→ **INPUT MATERIAL**:
☆ ☆ ☆
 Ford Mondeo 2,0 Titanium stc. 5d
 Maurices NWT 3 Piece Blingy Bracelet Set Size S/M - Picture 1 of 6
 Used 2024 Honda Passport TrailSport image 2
☆ ☆ ☆
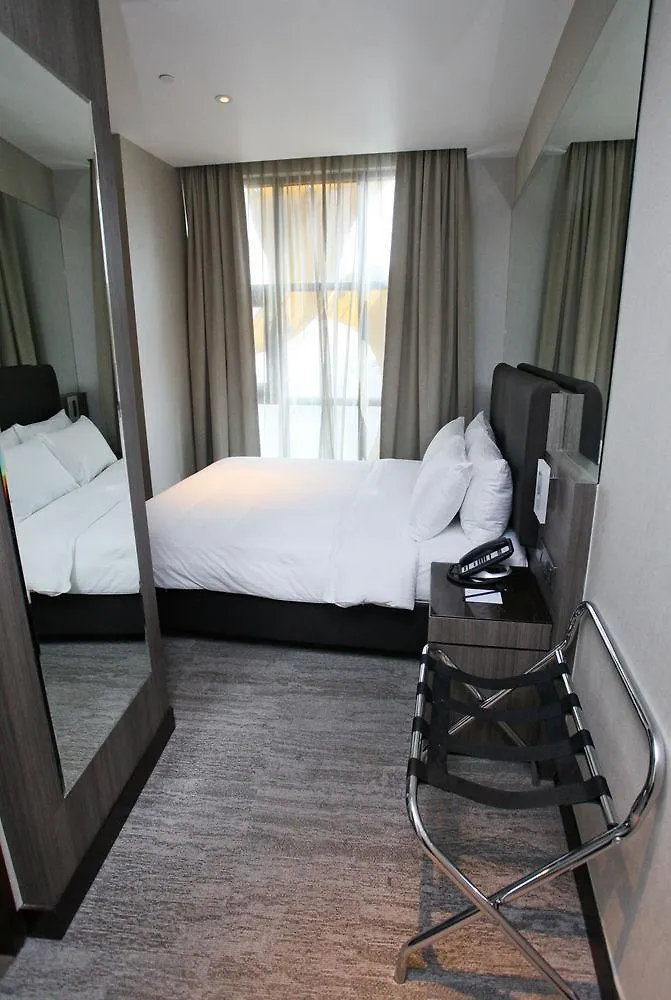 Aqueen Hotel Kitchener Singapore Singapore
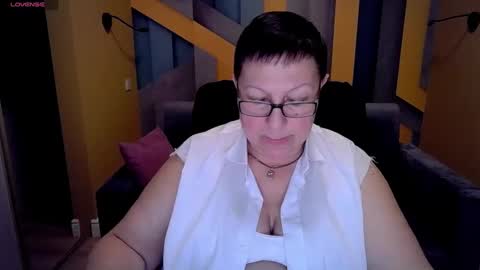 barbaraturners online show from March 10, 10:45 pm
☆ ☆ ☆
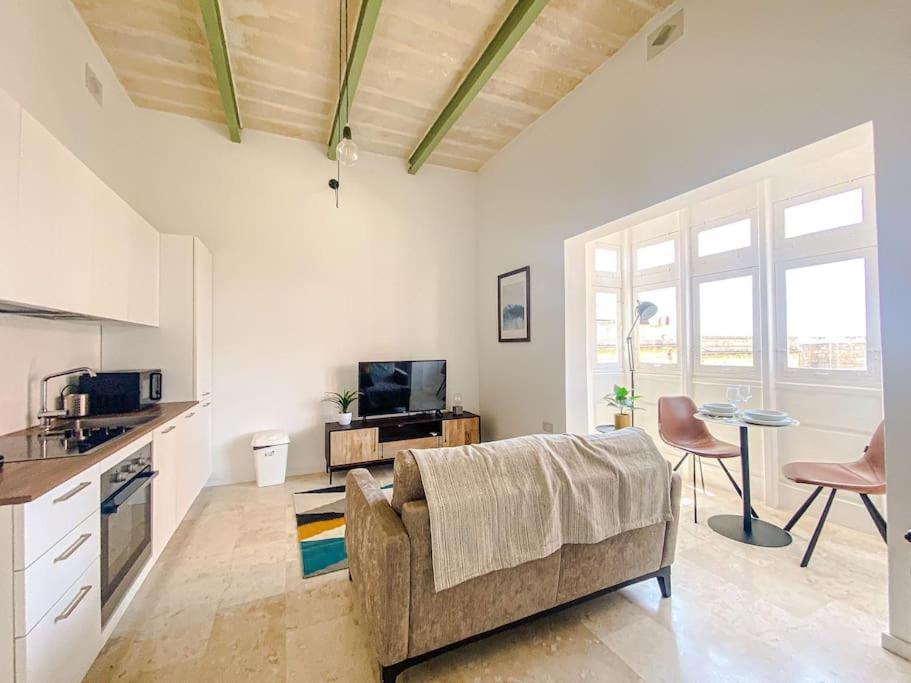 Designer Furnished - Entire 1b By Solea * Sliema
☆ ☆ ☆
→ **GOAL OF THE EXERCISE**:
Taking the material above, extract exactly and only the lines from the line with "Maurices NWT 3" to the line with "Used 2024 Honda Passport TrailSport image 2", inclusive of both.

→ **TASK RESPONSE**:
 Maurices NWT 3 Piece Blingy Bracelet Set Size S/M - Picture 1 of 6
 Used 2024 Honda Passport TrailSport image 2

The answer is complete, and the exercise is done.